╭─ DATA

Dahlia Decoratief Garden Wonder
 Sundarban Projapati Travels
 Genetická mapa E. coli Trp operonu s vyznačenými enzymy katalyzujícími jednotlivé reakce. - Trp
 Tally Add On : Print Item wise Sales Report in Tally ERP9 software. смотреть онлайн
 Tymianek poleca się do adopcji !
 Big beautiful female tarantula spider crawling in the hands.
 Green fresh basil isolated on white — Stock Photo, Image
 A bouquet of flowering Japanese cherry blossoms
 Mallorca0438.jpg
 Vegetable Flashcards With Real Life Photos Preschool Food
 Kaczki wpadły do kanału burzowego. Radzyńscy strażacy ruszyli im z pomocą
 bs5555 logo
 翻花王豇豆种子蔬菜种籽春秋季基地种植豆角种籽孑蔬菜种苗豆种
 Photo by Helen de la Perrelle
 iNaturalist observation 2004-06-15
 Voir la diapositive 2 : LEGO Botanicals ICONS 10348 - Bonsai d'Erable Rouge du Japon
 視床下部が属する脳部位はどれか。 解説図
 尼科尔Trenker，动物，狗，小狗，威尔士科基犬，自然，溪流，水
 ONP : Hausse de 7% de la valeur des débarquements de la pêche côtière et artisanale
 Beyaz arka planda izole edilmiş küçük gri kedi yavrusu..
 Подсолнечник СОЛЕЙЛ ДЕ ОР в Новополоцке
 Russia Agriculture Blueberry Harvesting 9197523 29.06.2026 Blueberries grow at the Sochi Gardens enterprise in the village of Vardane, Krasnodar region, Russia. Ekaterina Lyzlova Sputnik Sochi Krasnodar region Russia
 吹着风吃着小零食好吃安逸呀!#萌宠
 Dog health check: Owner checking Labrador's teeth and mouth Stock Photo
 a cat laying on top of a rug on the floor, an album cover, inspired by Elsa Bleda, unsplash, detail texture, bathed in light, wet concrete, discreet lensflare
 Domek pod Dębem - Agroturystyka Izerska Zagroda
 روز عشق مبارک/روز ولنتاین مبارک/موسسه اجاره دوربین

╰─

## WHAT IS EXPECTED
Of the entries above, repeat exactly the lines between the line with "Sundarban Projapati Travels" and the line with "尼科尔Trenker，动物，狗，小狗，威尔士科基犬，自然，溪流，水", inclusive, and no others.

## OUTPUT FOR THIS EXERCISE
 Sundarban Projapati Travels
 Genetická mapa E. coli Trp operonu s vyznačenými enzymy katalyzujícími jednotlivé reakce. - Trp
 Tally Add On : Print Item wise Sales Report in Tally ERP9 software. смотреть онлайн
 Tymianek poleca się do adopcji !
 Big beautiful female tarantula spider crawling in the hands.
 Green fresh basil isolated on white — Stock Photo, Image
 A bouquet of flowering Japanese cherry blossoms
 Mallorca0438.jpg
 Vegetable Flashcards With Real Life Photos Preschool Food
 Kaczki wpadły do kanału burzowego. Radzyńscy strażacy ruszyli im z pomocą
 bs5555 logo
 翻花王豇豆种子蔬菜种籽春秋季基地种植豆角种籽孑蔬菜种苗豆种
 Photo by Helen de la Perrelle
 iNaturalist observation 2004-06-15
 Voir la diapositive 2 : LEGO Botanicals ICONS 10348 - Bonsai d'Erable Rouge du Japon
 視床下部が属する脳部位はどれか。 解説図
 尼科尔Trenker，动物，狗，小狗，威尔士科基犬，自然，溪流，水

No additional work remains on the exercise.